Teetotaler Cripps made only one cheering concession: a reduction in the retail price of beer by a penny a pint. But food prices, he said, could be held down only by giving higher government subsidies to food-growers and dealers--and this he was in no position to do. Instead, he announced that meat prices would have to go up 7-c- a pound, cheese 7-c-, butter 3-c-, margarine 2-c-. Matches and telephone calls would also cost more.
Said he: "When I hear people speaking of reducing taxation, and, at the same time, see the costs of the social services rising rapidly, in response very often to the demands of the same people, I sometimes rather wonder whether they appreciate to the full the old adage that 'we cannot have our cake and eat it!'"
Writing on the Wall. Labor M.P.s, thinking of the 1950 general elections, groaned or sat stunned. One Laborite mourned: "It's the end of the revolution." A sarcastic Tory dubbed Cripps "The Iron Chancellor."

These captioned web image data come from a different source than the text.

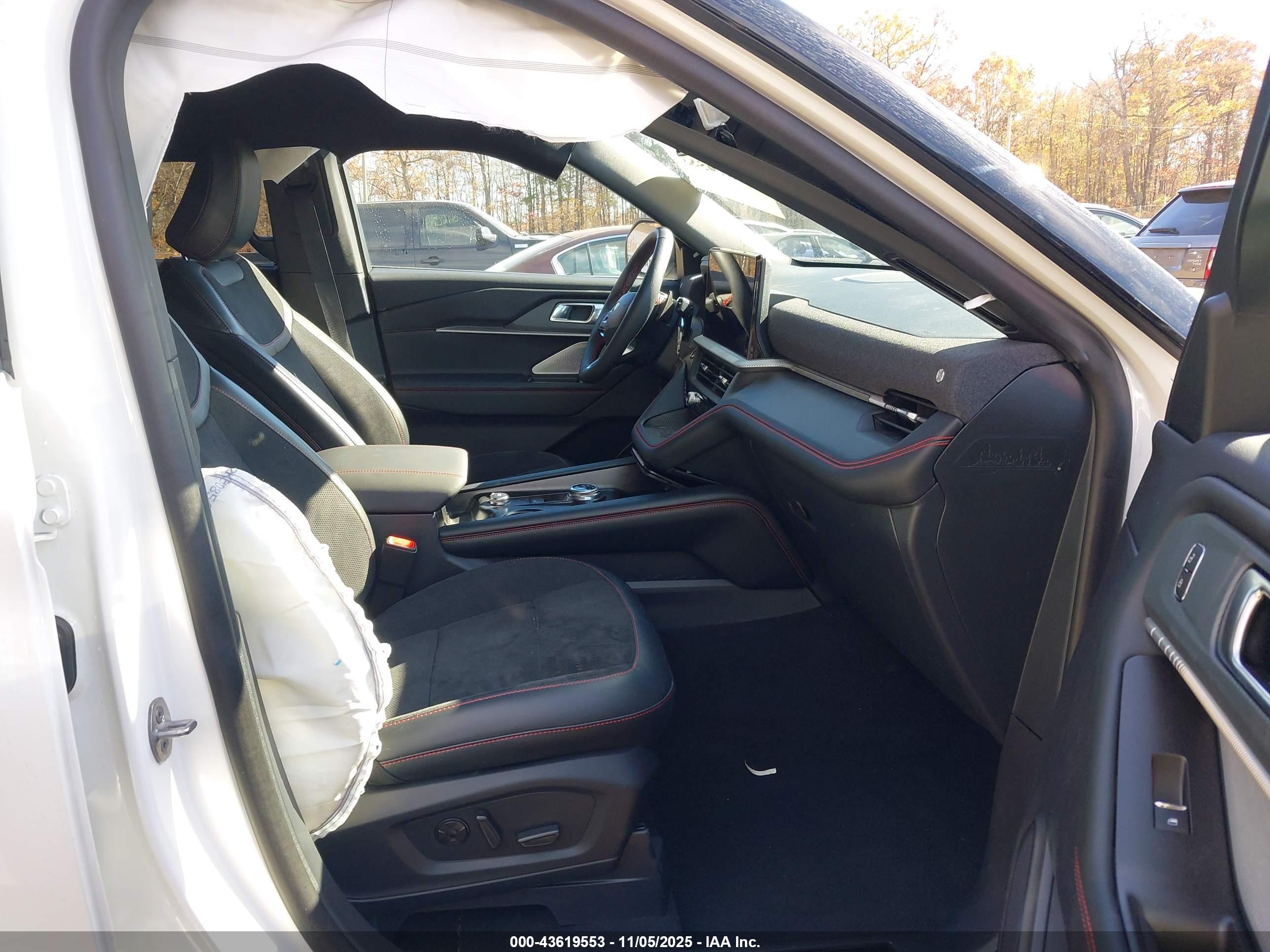 FORD EXPLORER image 5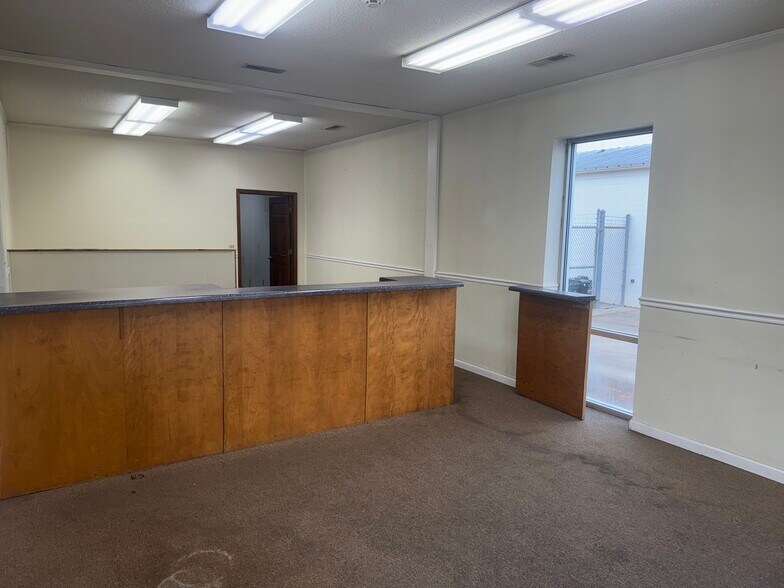 3145 E Andrew Johnson Hwy, Greeneville, TN à louer - Photo de l’immeuble – Image 3 sur 18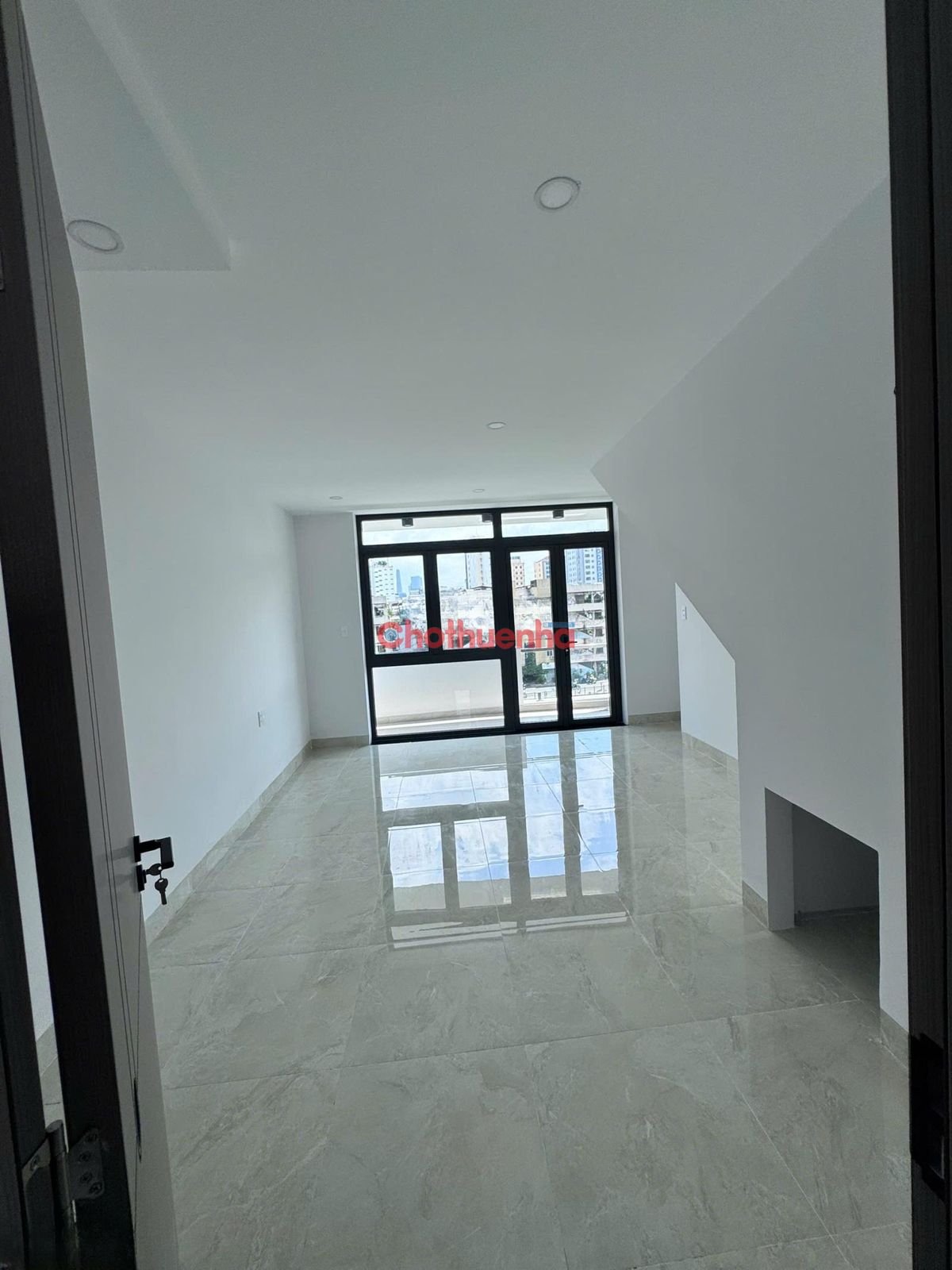 CHO THUÊ NHÀ MẶT TIỀN TRƯỜNG SA ĐOẠN 2 CHIỀU - NHÀ ĐANG XÂY DỰNG MỚI 100% TẠI QUẬN 3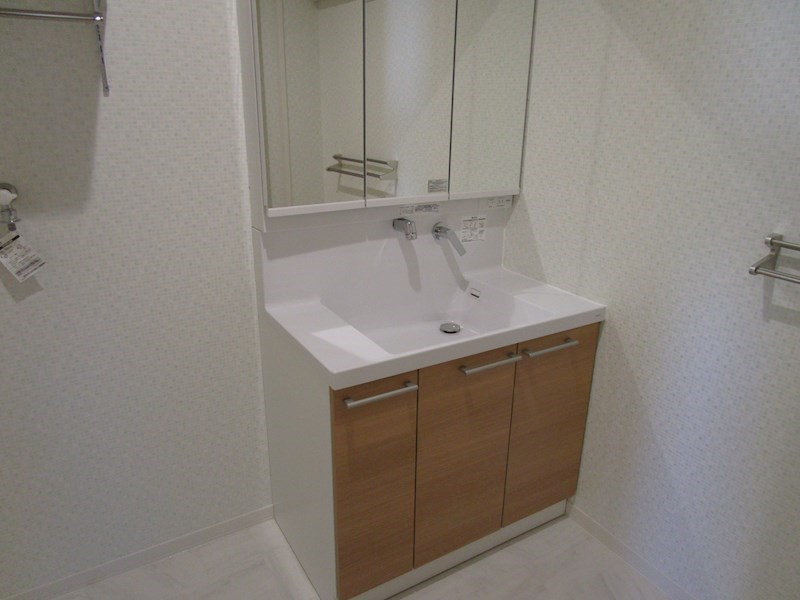 E-smile　榎の洗面所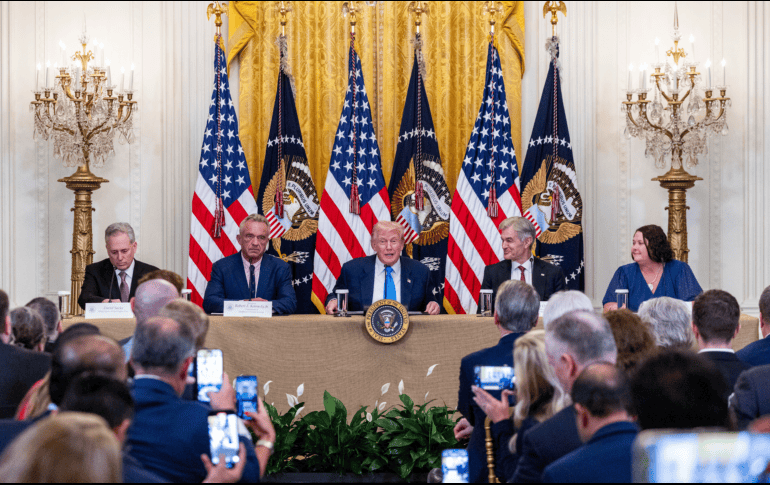 El presidente también criticó las adquisiciones de petróleo y equipamiento militar que India realiza a Rusia. EFE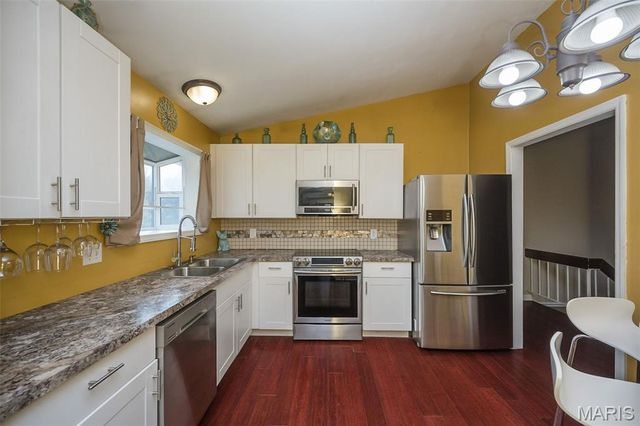 537 Treetop Village Drive, Ballwin, MO 63021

All British politicians recognized Cripps's courage in going to bat for an unpopular but economically necessary budget. But there was no getting away from the fact that it represented a crisis in Labor Party affairs, as was promptly shown by the licking Labor took in the London County Council elections (see above). For years, Laborite leaders had appeased the workers' demands for higher wages by pointing out that the Socialist government was at least keeping prices low. Now there was bound to be trouble. Said Socialist M.P. Mark Hewitson of the powerful General and Municipal Workers' Union: "I give a warning. The writing is on the wall and the footprints are on the sand. The government has either got to help or else."